+++ TASK MATERIAL +++

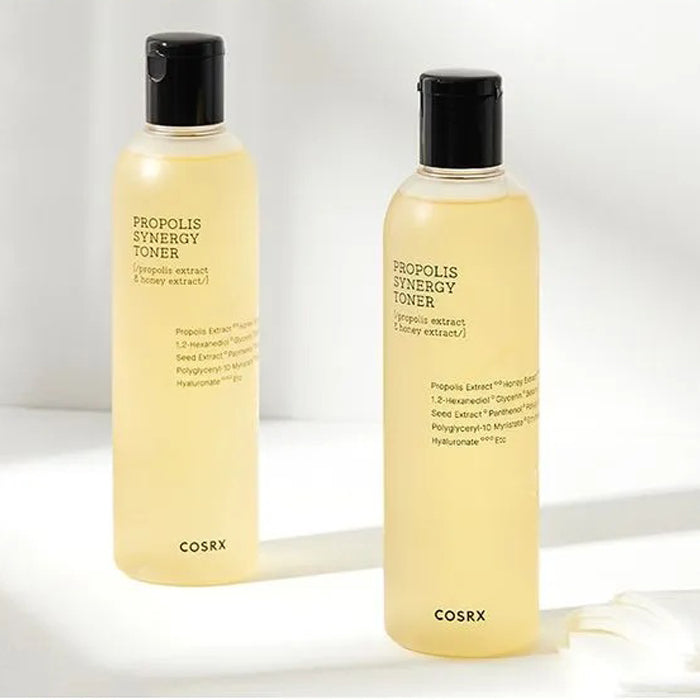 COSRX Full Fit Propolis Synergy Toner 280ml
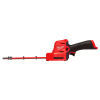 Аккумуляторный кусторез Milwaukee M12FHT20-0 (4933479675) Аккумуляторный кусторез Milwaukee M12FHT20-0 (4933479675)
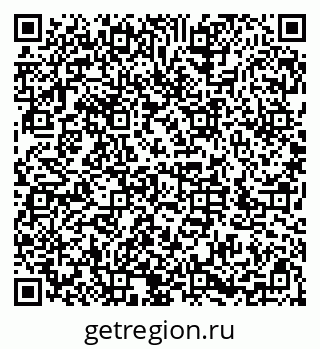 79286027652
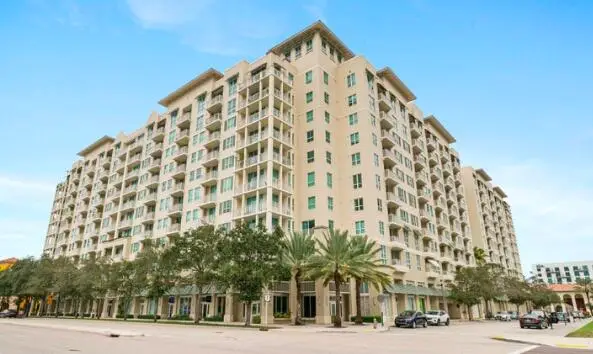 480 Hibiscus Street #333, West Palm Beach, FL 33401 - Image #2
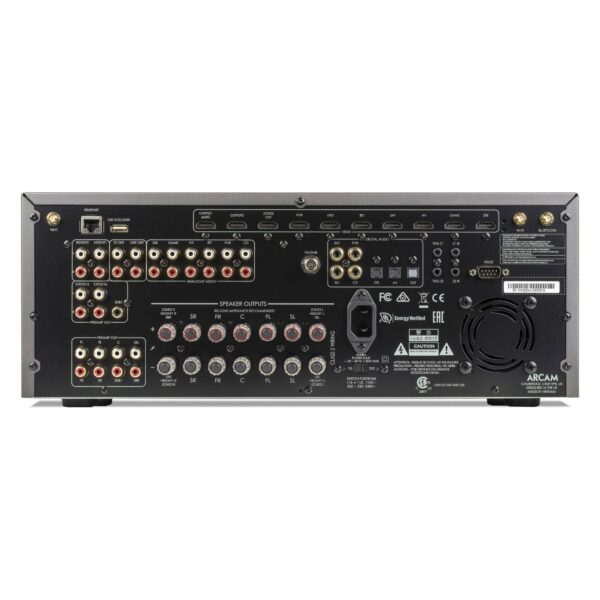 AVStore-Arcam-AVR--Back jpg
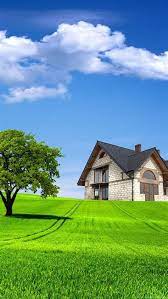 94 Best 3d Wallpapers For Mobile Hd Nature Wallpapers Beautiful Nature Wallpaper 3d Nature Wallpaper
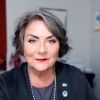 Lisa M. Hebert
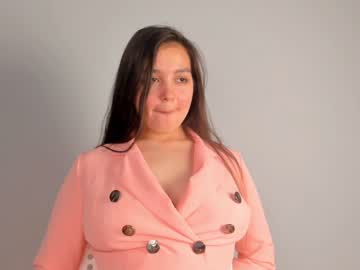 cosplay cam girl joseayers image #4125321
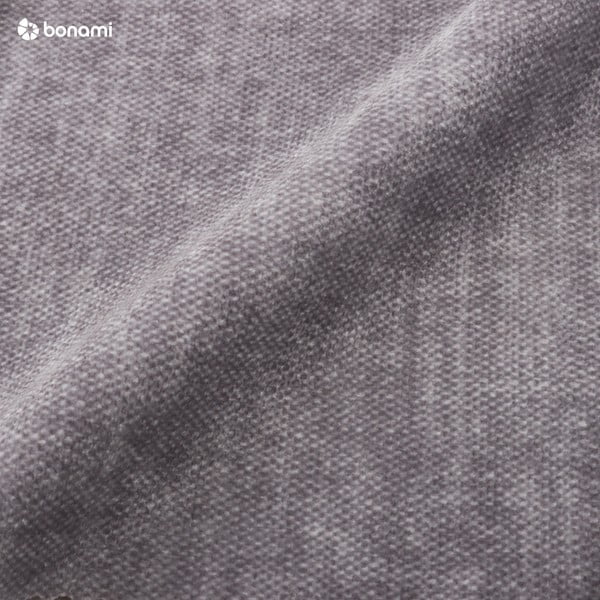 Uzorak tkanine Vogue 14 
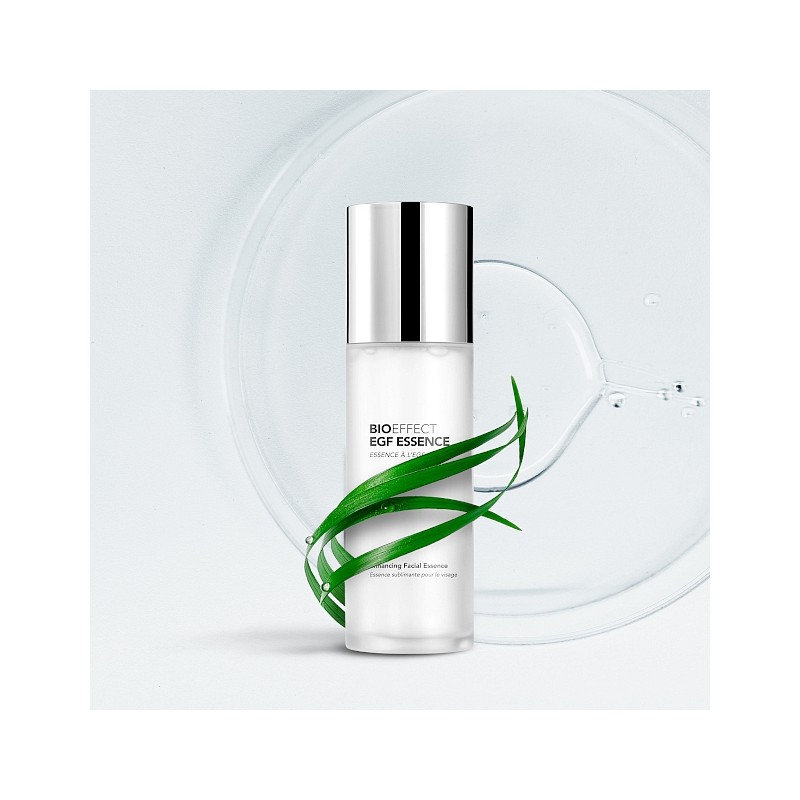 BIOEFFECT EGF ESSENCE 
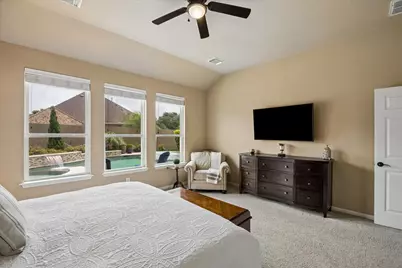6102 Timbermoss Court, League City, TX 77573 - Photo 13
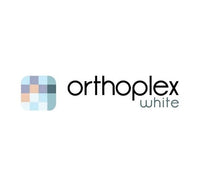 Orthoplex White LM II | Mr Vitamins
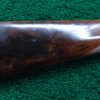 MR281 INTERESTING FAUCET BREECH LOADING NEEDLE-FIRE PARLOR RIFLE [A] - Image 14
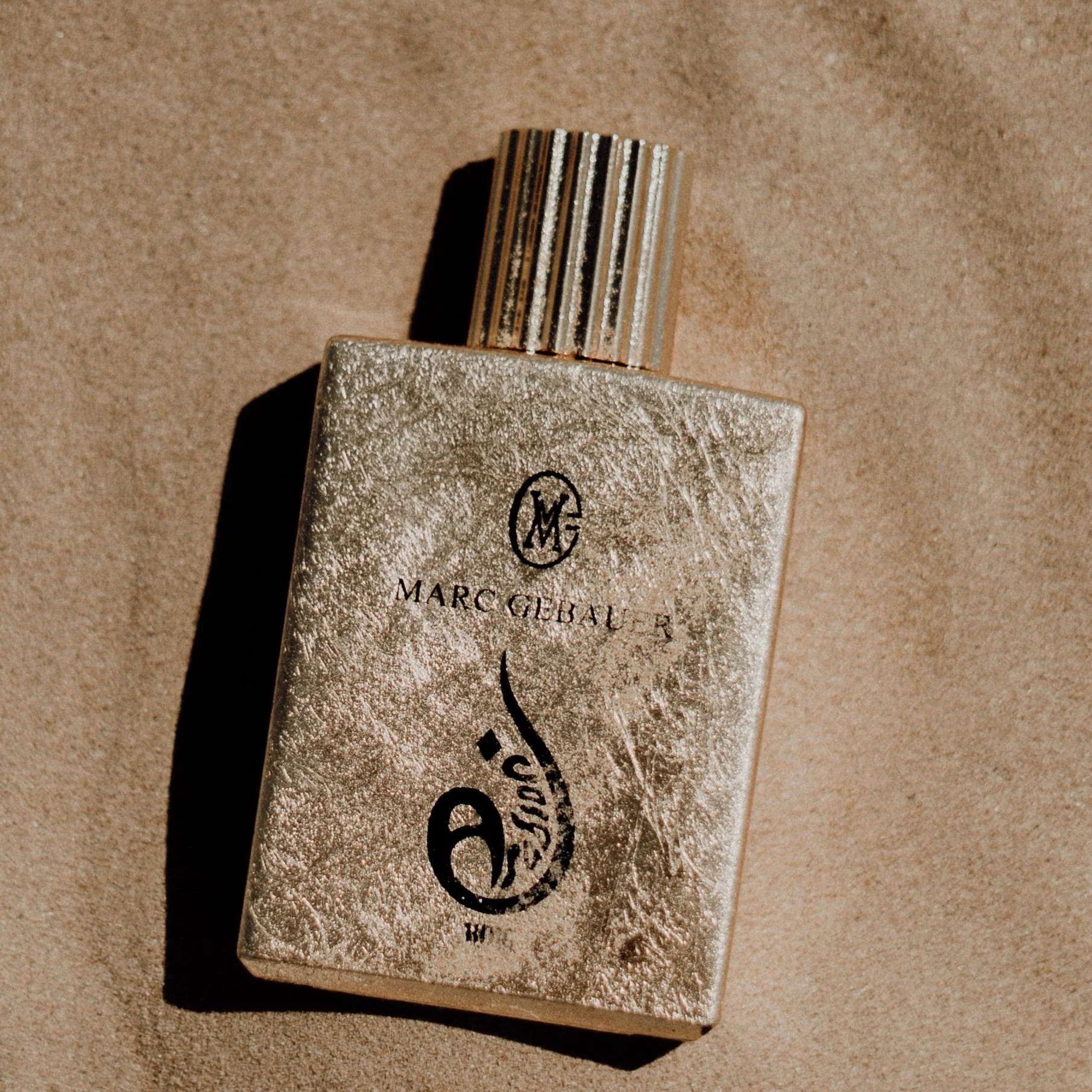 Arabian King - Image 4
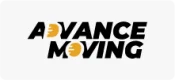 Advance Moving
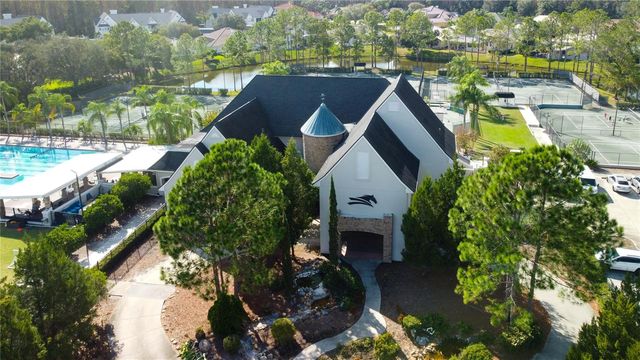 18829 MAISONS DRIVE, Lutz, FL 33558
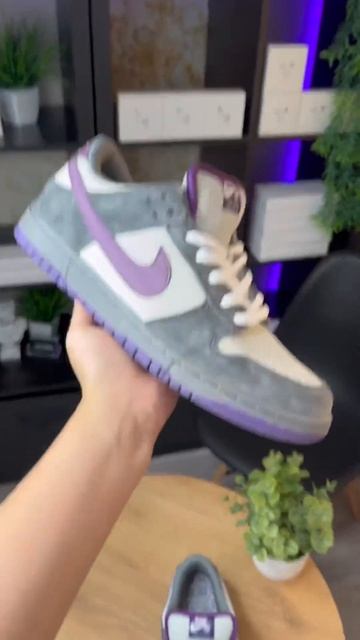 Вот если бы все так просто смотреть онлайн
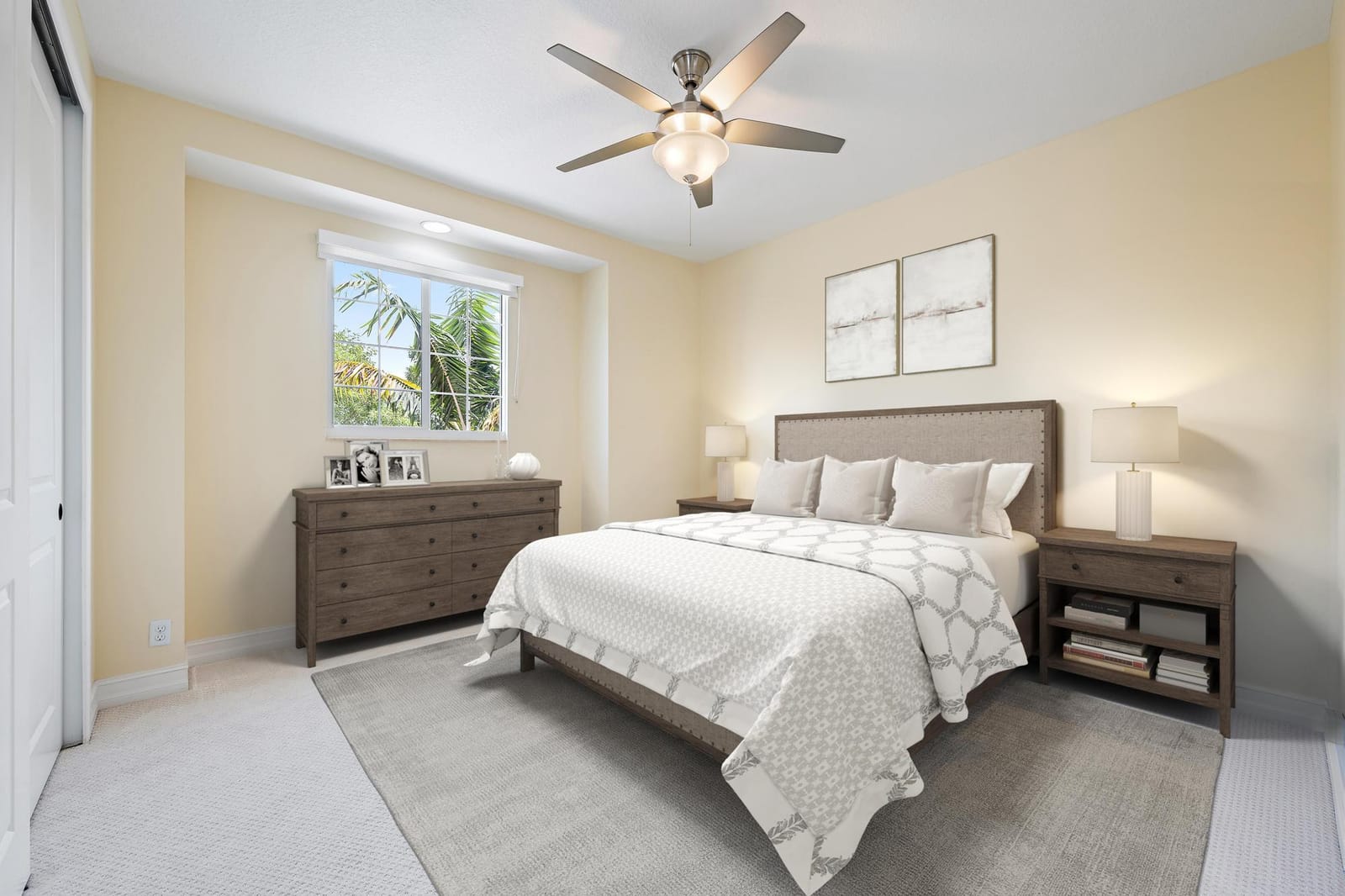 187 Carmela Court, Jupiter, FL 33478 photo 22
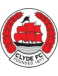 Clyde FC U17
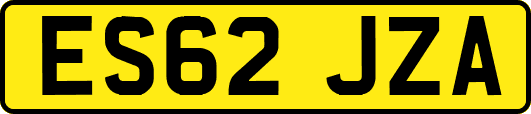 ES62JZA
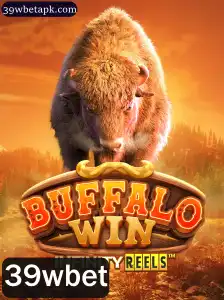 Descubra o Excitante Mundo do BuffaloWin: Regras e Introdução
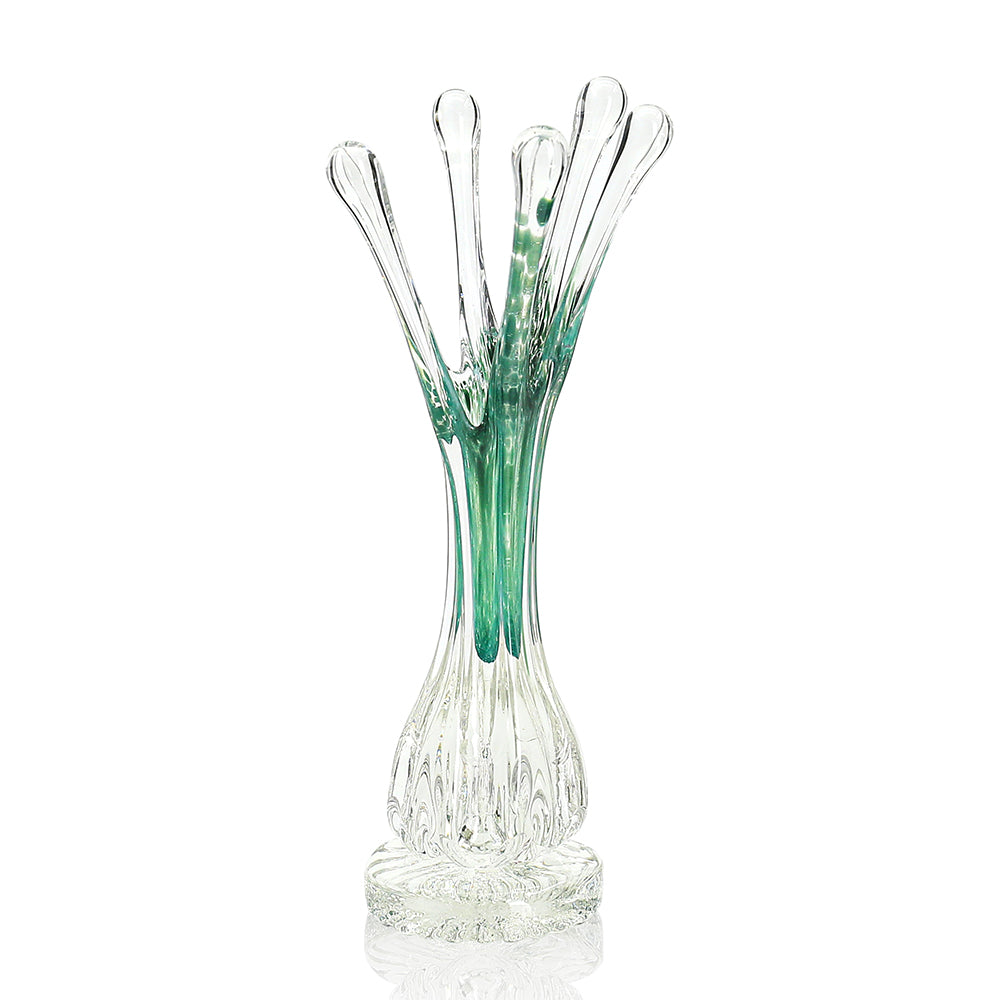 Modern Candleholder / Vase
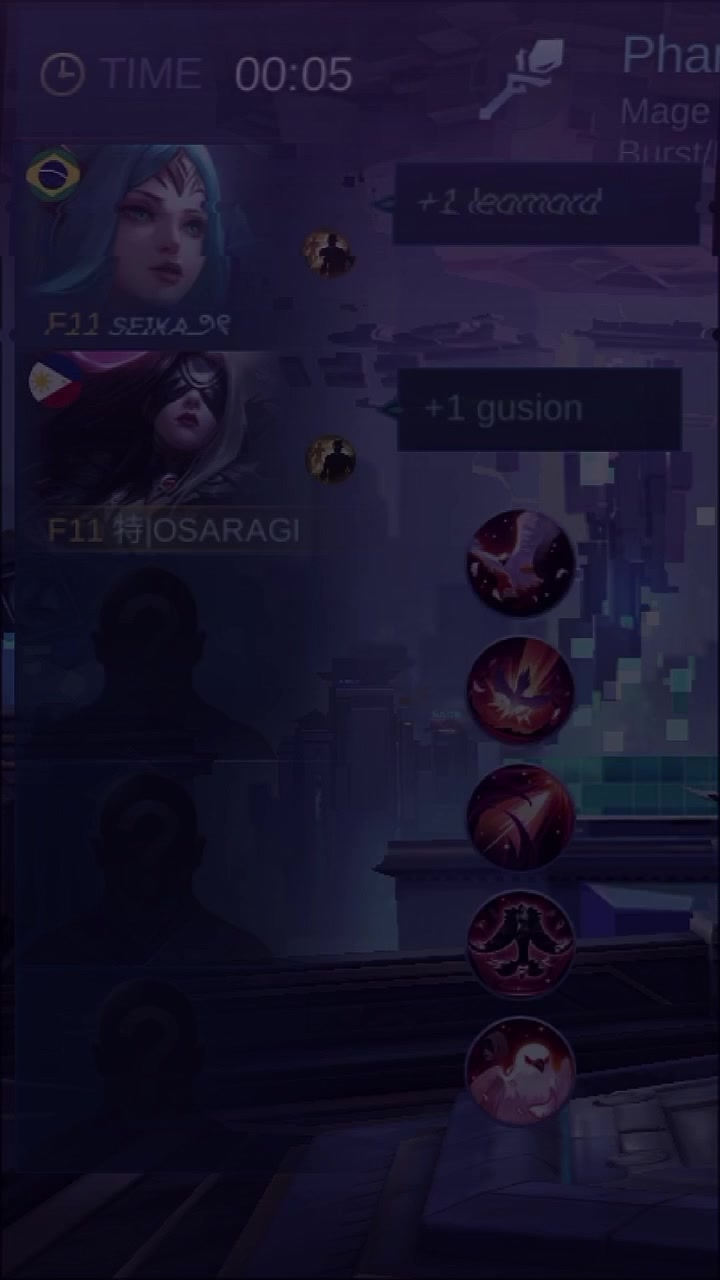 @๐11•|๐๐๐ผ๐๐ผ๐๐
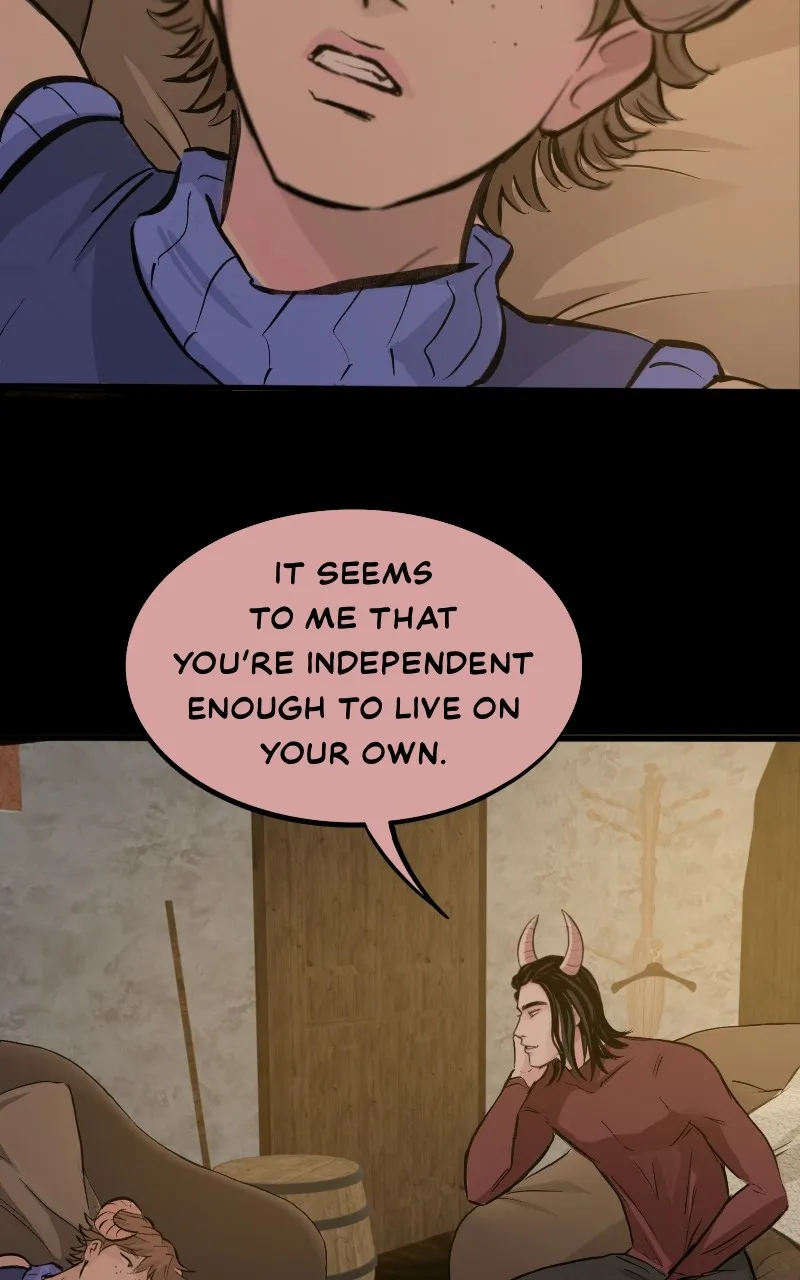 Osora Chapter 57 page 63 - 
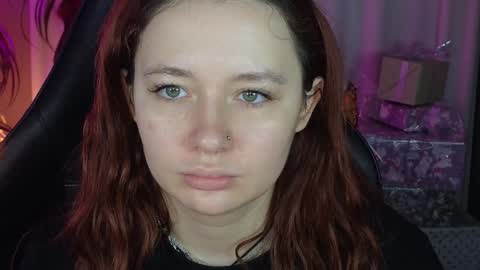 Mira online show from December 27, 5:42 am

+++

TASK OBJECTIVE:
Word for word, set down each record shown above, omitting the pictures.

WRITTEN RESPONSE:
 COSRX Full Fit Propolis Synergy Toner 280ml
 Аккумуляторный кусторез Milwaukee M12FHT20-0 (4933479675) Аккумуляторный кусторез Milwaukee M12FHT20-0 (4933479675)
 79286027652
 480 Hibiscus Street #333, West Palm Beach, FL 33401 - Image #2
 AVStore-Arcam-AVR--Back jpg
 94 Best 3d Wallpapers For Mobile Hd Nature Wallpapers Beautiful Nature Wallpaper 3d Nature Wallpaper
 Lisa M. Hebert
 cosplay cam girl joseayers image #4125321
 Uzorak tkanine Vogue 14 
 BIOEFFECT EGF ESSENCE 
6102 Timbermoss Court, League City, TX 77573 - Photo 13
 Orthoplex White LM II | Mr Vitamins
 MR281 INTERESTING FAUCET BREECH LOADING NEEDLE-FIRE PARLOR RIFLE [A] - Image 14
 Arabian King - Image 4
 Advance Moving
 18829 MAISONS DRIVE, Lutz, FL 33558
 Вот если бы все так просто смотреть онлайн
 187 Carmela Court, Jupiter, FL 33478 photo 22
 Clyde FC U17
 ES62JZA
 Descubra o Excitante Mundo do BuffaloWin: Regras e Introdução
 Modern Candleholder / Vase
 @๐11•|๐๐๐ผ๐๐ผ๐๐
 Osora Chapter 57 page 63 - 
 Mira online show from December 27, 5:42 am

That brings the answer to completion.